Случилось Андрею, уже долго думавшему о своем отъезде, разговориться в искренней беседе с близкими людьми о святых иконах, от которых бывают чудеса — исцеления, указания, пособия и другие. Бояре сообщили ему, что здесь, в Вышгороде, носится слух о греческой иконе Божией Матери, привезенной купцом из Царьграда и поставленной князем Юрием в Девичьем монастыре, будто она не хочет здесь оставаться. Крылошане рассказывают, что они увидели ее однажды висевшую среди церкви в воздухе. Они осмелились перенести ее на прежнее место, и тогда повернулась она лицом к алтарю. Священники отнесли ее в алтарь и поставили за святой трапезой, но после она явилась опять «о себе», вне трапезы.

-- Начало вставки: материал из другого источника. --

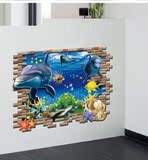 移除贴画3D海豚海底总动员墙贴 客厅卧室瓷砖寝室创意装饰防水可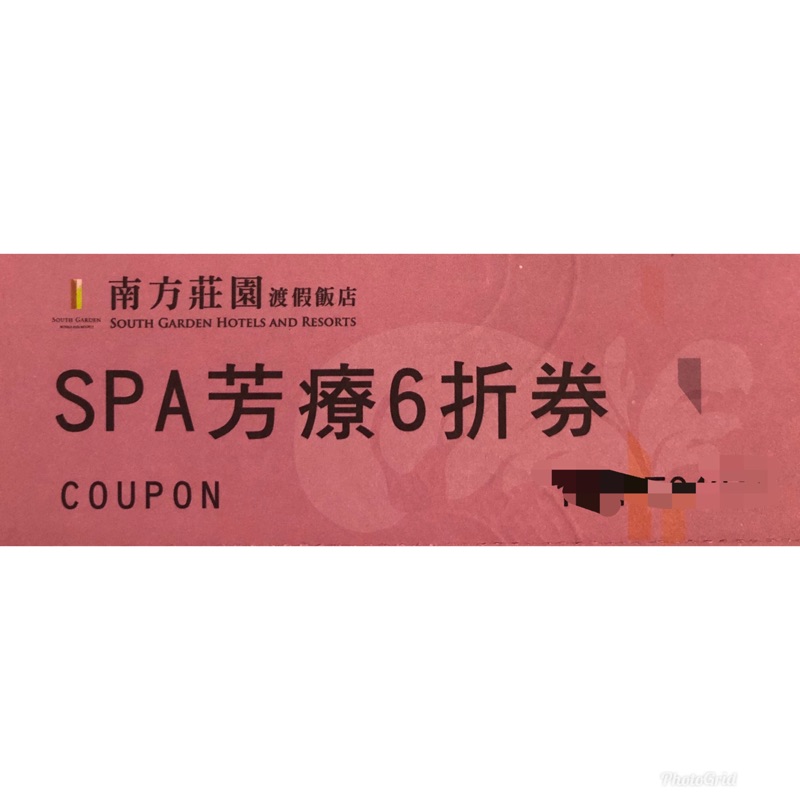 南方莊園渡假飯店 SPA芳療6折券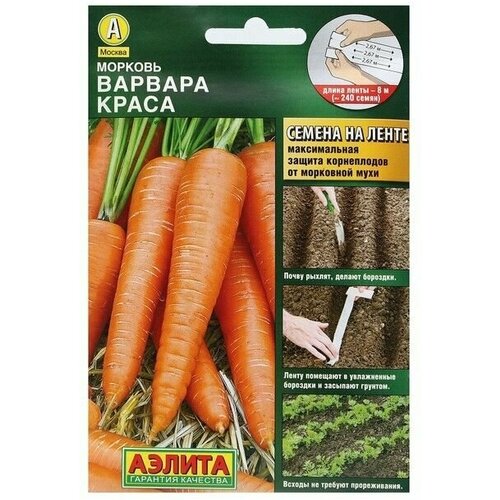 Семена на ленте Морковь Варвара краса Ор А 8м 4 упаковки семена морковь на ленте оранжевый мускат 8м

Андрей, слыша эти речи, разгорелся духом, как говорит предание: ему представилось, кажется, что спутница, покровительница, заступница для задуманного им дела нашлась, — он поспешил в монастырь: лик Святой Девы сиял в его глазах паче всех икон. Князь пал перед ним ниц и взмолился усердно: «Владычице, аще хощеши, можешь помощницею быти нам в Ростовской земле, иде же тщимся шествовати, простри руце свои на мольбу Сыну своему, сохрани и заступи ны от всякого зла».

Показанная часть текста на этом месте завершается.